Moments later, he lay panting in the hay cradling the trembling key to his dreams. Sugar Lips lifted her head to see what all the fuss was about, whinnying when she saw her newborn.
Gage’s chest swelled with pride. This was what he loved about being a veterinarian—facing difficult challenges, saving a life, making a connection with a beautiful creature that communicated primarily with body language.
Some boneheads started clapping. Gage curled protectively around the foal being careful not to tear the umbilical cord. He glared at the lone student who was still applauding until the onlooker stopped. Steady hands transferred the newborn to the ground, and checked the vitals of both mare and foal.

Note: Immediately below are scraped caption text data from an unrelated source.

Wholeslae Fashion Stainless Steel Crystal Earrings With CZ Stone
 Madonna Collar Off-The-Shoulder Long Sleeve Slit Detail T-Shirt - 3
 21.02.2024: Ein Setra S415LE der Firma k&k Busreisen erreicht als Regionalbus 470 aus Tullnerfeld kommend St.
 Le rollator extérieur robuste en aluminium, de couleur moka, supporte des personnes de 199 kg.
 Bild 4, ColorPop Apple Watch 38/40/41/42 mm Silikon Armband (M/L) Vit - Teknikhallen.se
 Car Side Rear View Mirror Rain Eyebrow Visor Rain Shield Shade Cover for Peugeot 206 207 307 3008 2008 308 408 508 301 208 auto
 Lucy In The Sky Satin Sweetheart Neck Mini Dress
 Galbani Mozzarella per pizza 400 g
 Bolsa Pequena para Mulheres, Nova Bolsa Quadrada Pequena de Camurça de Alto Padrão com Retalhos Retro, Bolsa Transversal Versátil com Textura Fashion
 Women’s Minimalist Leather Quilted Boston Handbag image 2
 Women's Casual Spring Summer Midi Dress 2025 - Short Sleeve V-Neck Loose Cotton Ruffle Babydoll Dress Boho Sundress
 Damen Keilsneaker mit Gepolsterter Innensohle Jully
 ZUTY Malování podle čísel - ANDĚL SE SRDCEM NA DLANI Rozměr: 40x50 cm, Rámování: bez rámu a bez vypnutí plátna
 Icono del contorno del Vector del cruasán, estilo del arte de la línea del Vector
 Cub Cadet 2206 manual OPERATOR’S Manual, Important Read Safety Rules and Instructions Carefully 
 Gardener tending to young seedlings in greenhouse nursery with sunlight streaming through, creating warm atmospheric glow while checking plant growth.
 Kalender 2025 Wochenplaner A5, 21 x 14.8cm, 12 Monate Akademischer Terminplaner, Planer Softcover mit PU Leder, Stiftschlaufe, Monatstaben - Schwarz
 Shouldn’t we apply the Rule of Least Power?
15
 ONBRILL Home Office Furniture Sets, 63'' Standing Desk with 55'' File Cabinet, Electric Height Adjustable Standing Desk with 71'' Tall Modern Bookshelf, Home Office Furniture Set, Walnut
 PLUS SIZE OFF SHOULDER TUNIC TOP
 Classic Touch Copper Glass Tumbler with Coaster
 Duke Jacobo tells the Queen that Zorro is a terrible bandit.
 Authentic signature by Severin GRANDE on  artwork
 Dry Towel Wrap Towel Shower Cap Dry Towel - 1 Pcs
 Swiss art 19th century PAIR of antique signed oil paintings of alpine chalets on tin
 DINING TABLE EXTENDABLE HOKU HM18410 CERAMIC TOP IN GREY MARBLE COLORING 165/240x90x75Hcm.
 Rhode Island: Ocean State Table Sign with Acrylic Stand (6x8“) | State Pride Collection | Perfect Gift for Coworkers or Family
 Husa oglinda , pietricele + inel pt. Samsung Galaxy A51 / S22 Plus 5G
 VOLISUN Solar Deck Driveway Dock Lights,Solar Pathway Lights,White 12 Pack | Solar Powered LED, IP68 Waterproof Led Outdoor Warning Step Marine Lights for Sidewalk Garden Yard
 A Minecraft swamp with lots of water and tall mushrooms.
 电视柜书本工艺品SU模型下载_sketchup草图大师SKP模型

Dr. Leo Faraji, a colleague and the man Gage had beaten out for the Kentucky job, helped him to his feet. “Need a doctor, doctor?” he asked in his singsong accent.
“Never.” Knowing he looked as if he was the only survivor in a horror movie, covered as he was in blood and birth fluids, Gage drew himself up to his full six-two height, pretending Sugar Lips hadn’t nearly deflated his kidney.
“Someone wanted me?” he asked. And then he smiled. His mother always said his smile could charm a tantrumy two-year-old into eating vegetables. Since Nick had died, Gage saw it more as a first line of defense. He smiled and people assumed he was okay. Now he used it because he wasn’t going to let these clean, white-coated, wanna-be veterinarians see how nauseous and spent he was.
Someone sucked in a breath, as if awestruck.
That was a more godlike reaction than he’d been hoping for, but as veiled praise went, Gage would take it.
“Yeah, um, Dr. Jamero? There’s some guy on the phone for you.” It was the center’s new student assistant. She hadn’t been around long enough for Gage to learn her name, test her knowledge or teach her barn etiquette. “He’s been on hold awhile now.” She handed him a pink note.